The spring turkey-hunting season begins in Indiana on April 22 and continues through May 10. After May 10, the next hunting season, and nearly all Indiana hunting seasons, take place in the fall, including deer, fox and raccoon. The fall turkey season begins in October.

If you’re aiming for spring turkey, the Indiana Department of Natural Resources has set a limit of one bearded or male turkey kill per hunter. Permissible hunting hours begin 30 minutes before sunrise and continue until sunset. Here’s what else to have in your sights.

1. Make it legal

Spring turkey-hunting licenses are $25. Indiana hunting and fishing licenses are available in Greenfield at Angler’s World (1429 E. Main St.), Gander Mountain (2175 Barrett Drive) and Walmart (1965 N. State St.); in McCordsville at Cap N Hook Sports (6383 W. Pendleton Pike); and in Knightstown at McDonald’s Bait and Tackle (15 W. Grant St.). Licenses can also be purchased online at in.gov/dnr.

2. Know where to go

There are no DNR public properties open to hunting in Hancock County. Some nearby or popular properties open to the public for hunting during legal seasons are listed below. Visit in.gov/dnr for a complete list of public hunting lands or for more information on rules and regulations.

Brown County

*Hoosier National Forest, 812-275-5987

Monroe Lake, 812-837-9546

Yellowwood State Forest, 812-988-7945

Crawford County

Harrison-Crawford State Forest, 812-738-8232

Patoka Lake, 812-685-2464

Franklin County

Brookville Lake 765-647-2657

Henry County

Wilbur Wright Federal Wildlife Area, 765-529-9581

Province Pond Wetland Conservation Area, 765-529-9581

Johnson County

Atterbury Federal Wildlife Area, 812-526-2051

*At 202,000 acres, Hoosier National Forest covers several south central Indiana counties.

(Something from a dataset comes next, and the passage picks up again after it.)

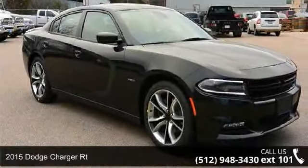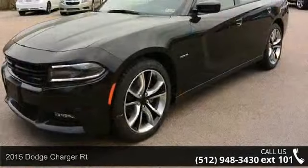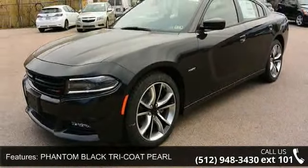Step onto the 2015 Dodge Charger RT. If you are looking for an automobile with great features, look no further. Enjoy these notable features:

3. A good cluck goes a long way

Experienced turkey hunters abide by a variety of turkey calls, either by hand/mouth or with the aid of a commercial turkey call. Here are just three varieties of calls, as described by the National Wild Turkey Foundation:


The cluck consists of one or more short, staccato notes. The plain cluck often includes two or three single-note clucks.

It’s generally used by one bird to get the attention of another and a good call to reassure an approaching gobbler that a hen is waiting for him.

This is a great call while trying to encourage a gobbler to come into range if he starts to hang up. It can also be used while birds are still on the roost to subtly let a gobbler know you are there.


Purring is a soft, rolling call turkeys make when content.

It is a low vocal communication designed to keep the turkeys in touch and often is made by feeding birds.

This is not a loud call but is good for reassuring turkeys as they get close to your position.


The putt is a single or several sharp notes.

The putt is generally associated as an alarm and usually means the bird has seen or heard something and is signaling danger.

This can be useful when you have a gobbler in range but can’t get him to raise his head or stop. However, before putting at a gobbler, it is best to have your shotgun ready and on target. Once you raise the alarm by putting, you will have little time to shoot, and the bird will take off at the slightest movement.